Paradigm Principle

Understanding your investment options

Understanding your investment options

Investing is full of jargon and technical terms that can make getting started or managing your investments seem intimidating. Here are some of the key terms to help you better understand the different options available to you.

 Common investing terms

There are a few terms that you’ll see repeated when we’re talking about investing.

Bonds – Bonds are a way for corporations or governments to receive a loan from investors for a promised rate of return over a specific period. Bonds can be issued to pay debts, build new facilities or raise funds for future growth.

Cash – Cash investments are savings accounts and other easy-to-access funds like cash management trusts and money market funds. Cash investments are stable and low risk, generally growing slower than inflation or the increase in prices of goods and services over time.

Diversification – Having a diverse group of investments means that you spread your investments across different companies or sectors (for example, shares or fixed interest). This way, if one sector underperforms or has a loss, you have other investments that may perform better and help balance out any losses.

Another way we diversify our investment options and portfolios is by using different investment managers with different approaches to investing. In some cases, we use multiple investment managers in the same option. These are called multi-manager portfolios.

Dividends – Dividends are a portion of profits or earnings paid to shareholders. They are paid on a regular basis and, in some cases, can be reinvested into the business in the form of more shares. This can provide shareholders with ongoing income.

Domestic Markets – Domestic markets, shares or companies refer to the variety of investments that are connected to that country, either through where they operate or the investment exchanges on which they reside. In Australia, we would refer to Australian bonds as domestic bonds. Likewise, a US-based fund would refer to the US stock market as the domestic market.

Environmental, Social and Corporate Governance (ESG) – ESG is the consideration of an investment beyond its financial performance. It often includes social and environmental factors, like its impact on the climate, the gender or cultural diversity of staff and leadership or general benefit to society. Investors are increasingly applying these considerations as part of their investing decisions.

Equities – Equities are another name for shares. Equities can be bought directly on the share market or through an investment option.

Fees – A fee is the amount charged by a fund to manage your investments. Fees may vary based on factors including the cost to manage an option, the size of the investment and the management style.

Geared Investments – Geared or ‘leveraged investing’ is a way to borrow money in order to increase the size of an investor’s original investment. Geared investments are often made with higher-risk assets like shares and property.

International and Emerging Markets – International markets can give investors access to a variety of investments, including shares, securities, property or bonds from nations other than their own.
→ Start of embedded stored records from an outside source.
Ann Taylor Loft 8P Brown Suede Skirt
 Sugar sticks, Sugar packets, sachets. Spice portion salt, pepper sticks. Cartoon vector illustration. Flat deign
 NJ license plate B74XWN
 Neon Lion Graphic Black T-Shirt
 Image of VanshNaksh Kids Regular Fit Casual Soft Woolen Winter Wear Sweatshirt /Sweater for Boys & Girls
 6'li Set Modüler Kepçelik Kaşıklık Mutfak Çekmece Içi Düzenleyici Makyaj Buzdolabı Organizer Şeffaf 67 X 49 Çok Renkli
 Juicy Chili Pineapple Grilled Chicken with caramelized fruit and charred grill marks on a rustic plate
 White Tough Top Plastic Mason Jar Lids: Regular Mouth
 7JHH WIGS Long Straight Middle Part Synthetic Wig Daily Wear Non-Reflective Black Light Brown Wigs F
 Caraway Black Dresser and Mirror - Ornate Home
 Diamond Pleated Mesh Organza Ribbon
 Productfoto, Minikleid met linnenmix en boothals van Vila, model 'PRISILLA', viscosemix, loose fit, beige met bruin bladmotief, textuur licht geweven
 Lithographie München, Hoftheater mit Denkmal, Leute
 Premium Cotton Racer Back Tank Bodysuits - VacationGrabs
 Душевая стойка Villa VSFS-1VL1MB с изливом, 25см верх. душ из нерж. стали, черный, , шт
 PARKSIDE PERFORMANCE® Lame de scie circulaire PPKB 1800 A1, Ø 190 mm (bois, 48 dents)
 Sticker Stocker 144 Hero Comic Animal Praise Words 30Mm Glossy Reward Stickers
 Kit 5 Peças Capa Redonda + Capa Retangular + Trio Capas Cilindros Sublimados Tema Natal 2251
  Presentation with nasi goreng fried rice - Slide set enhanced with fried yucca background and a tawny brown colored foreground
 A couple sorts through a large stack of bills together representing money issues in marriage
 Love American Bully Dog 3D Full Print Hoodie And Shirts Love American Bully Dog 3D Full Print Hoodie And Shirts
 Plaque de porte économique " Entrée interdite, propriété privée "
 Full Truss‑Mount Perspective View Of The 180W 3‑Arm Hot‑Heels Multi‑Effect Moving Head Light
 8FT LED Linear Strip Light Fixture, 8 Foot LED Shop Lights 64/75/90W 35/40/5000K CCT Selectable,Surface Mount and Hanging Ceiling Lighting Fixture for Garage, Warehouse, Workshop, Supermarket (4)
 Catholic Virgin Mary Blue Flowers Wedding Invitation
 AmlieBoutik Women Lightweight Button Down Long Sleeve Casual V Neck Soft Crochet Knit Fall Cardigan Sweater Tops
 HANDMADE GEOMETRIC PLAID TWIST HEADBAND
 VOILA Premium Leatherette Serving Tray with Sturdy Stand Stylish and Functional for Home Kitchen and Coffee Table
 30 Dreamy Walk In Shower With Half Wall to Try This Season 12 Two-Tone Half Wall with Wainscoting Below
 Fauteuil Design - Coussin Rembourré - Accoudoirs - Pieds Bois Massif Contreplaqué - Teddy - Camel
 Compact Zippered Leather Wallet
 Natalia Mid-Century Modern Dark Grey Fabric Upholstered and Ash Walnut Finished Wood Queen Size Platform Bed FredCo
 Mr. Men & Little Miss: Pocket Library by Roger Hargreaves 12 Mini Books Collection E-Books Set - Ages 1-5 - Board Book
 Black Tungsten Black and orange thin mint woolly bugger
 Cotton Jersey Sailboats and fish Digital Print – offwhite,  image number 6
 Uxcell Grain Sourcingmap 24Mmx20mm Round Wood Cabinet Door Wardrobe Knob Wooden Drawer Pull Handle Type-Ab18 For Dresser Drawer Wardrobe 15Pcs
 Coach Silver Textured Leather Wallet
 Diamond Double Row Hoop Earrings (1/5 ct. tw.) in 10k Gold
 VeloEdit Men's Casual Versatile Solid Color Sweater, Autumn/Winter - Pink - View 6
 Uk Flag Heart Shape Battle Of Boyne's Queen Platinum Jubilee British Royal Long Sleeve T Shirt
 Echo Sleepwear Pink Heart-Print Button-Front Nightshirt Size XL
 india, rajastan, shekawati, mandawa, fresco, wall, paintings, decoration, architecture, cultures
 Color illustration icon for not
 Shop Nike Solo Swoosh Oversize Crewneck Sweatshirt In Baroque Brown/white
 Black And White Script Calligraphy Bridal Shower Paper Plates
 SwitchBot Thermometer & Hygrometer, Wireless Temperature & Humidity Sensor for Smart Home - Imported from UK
International markets can be volatile because of international trade relations or fluctuations in currency value. There is more risk with less stable countries, like those in economic or political turmoil, and less risk in more stable countries.

Emerging markets are international markets that focus specifically on growing and developing economies like China, Brazil or India.

Investment Manager – An investment manager is a professional person or organisation who has been appointed to manage money in an investment option on behalf of investors. One or multiple investment managers may be appointed to an investment option. They generally have specialised expertise in the area they represent, like property, bonds or shares.

Investment managers are selected for their strengths in certain areas as well as organisational stability, solid investment process and a history of strong performance. We also use a specialist investment consulting and research firm when selecting managers.

Managed Fund – A managed fund pools your money together with other investors to buy a variety of assets like shares, bonds or property. Managed funds can be invested in single or multiple asset classes and have single or multiple investment managers.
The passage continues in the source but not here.